Patricia Horner

Personal information
- Nationality: British (Northern Irish)
- Born: 17 March 1947 (age 79)

Sport
- Sport: Lawn and indoor bowls
- Club: NI Civil Service BC, Belfast

Medal record
Representing Northern Ireland
Irish Nationals
| Gold medal – first place | 1994 | pairs |

= Patricia Horner =

Northern Irish international lawn bowler

Patricia "Pat" Horner (born 17 March 1947) is a former international lawn bowler from Northern Ireland who competed at two Commonwealth Games.

== Biography ==
Horner a nurse by profession, was a member of the NI Civil Service Bowls Club in Belfast and represented the combined Ireland team at international level.

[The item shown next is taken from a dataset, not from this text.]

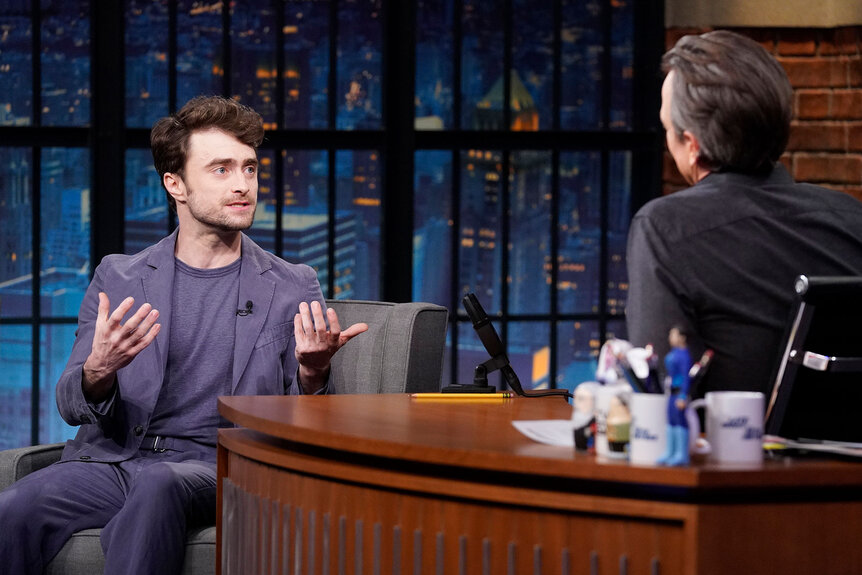 Daniel Radcliffe talks to host Seth Meyers, Episode 1509 on April 9, 2024.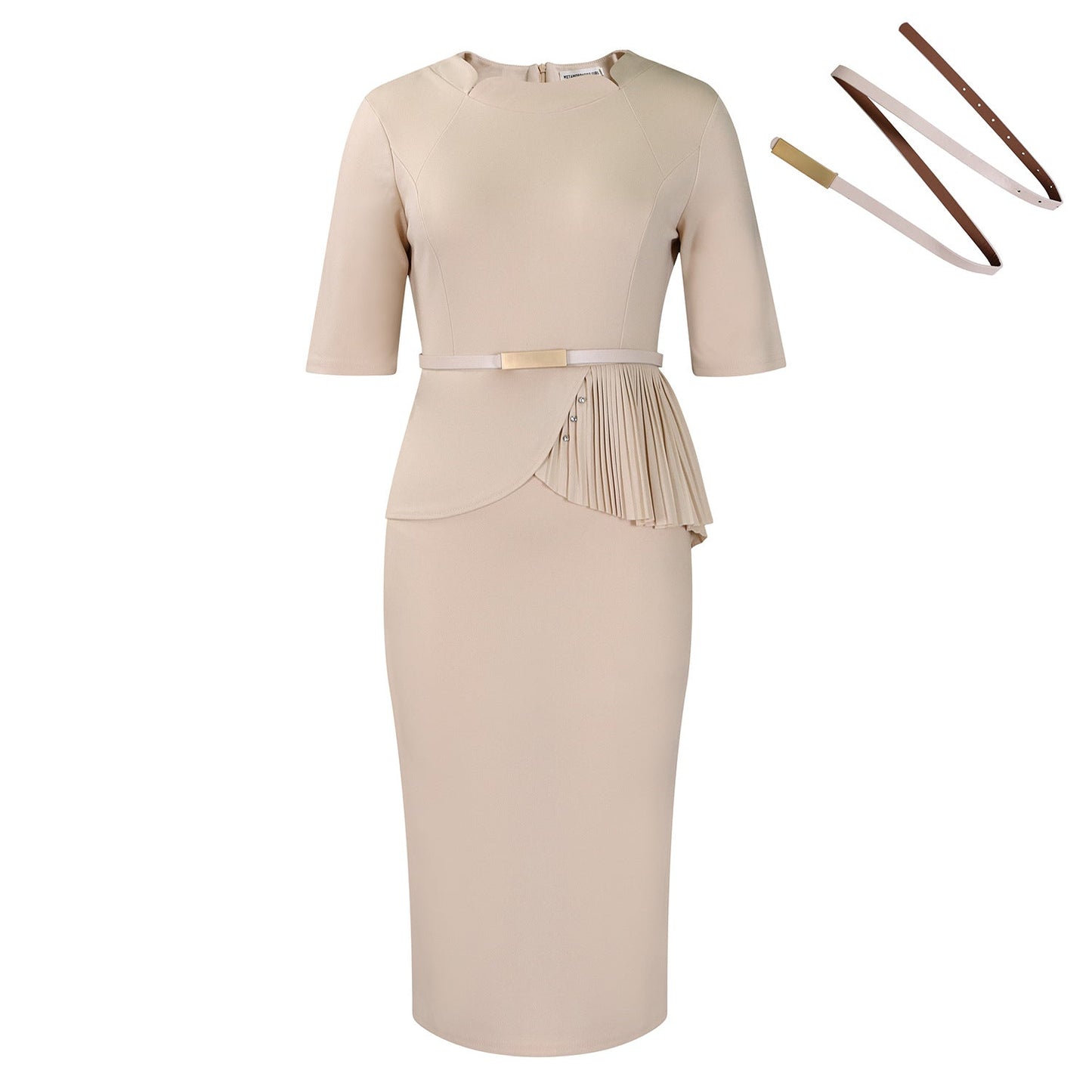 Elegant Solid Color Bodycon Dress With Belt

Horner represented the Northern Irish team at the 1998 Commonwealth Games in Kuala Lumpur, Malaysia, where she competed in the fours event, with Alicia Crangle, Donna McNally and Geraldine Law.

Four years later Horner represented the Northern Irish team again at the 2002 Commonwealth Games in Manchester, England, where she competed in the fours event, with Alicia Weir (Crangle), Dessa Baird and Paula Montgomery.

She was the pairs champion of Ireland (with Geraldine Law) at the 1994 Irish National Bowls Championships.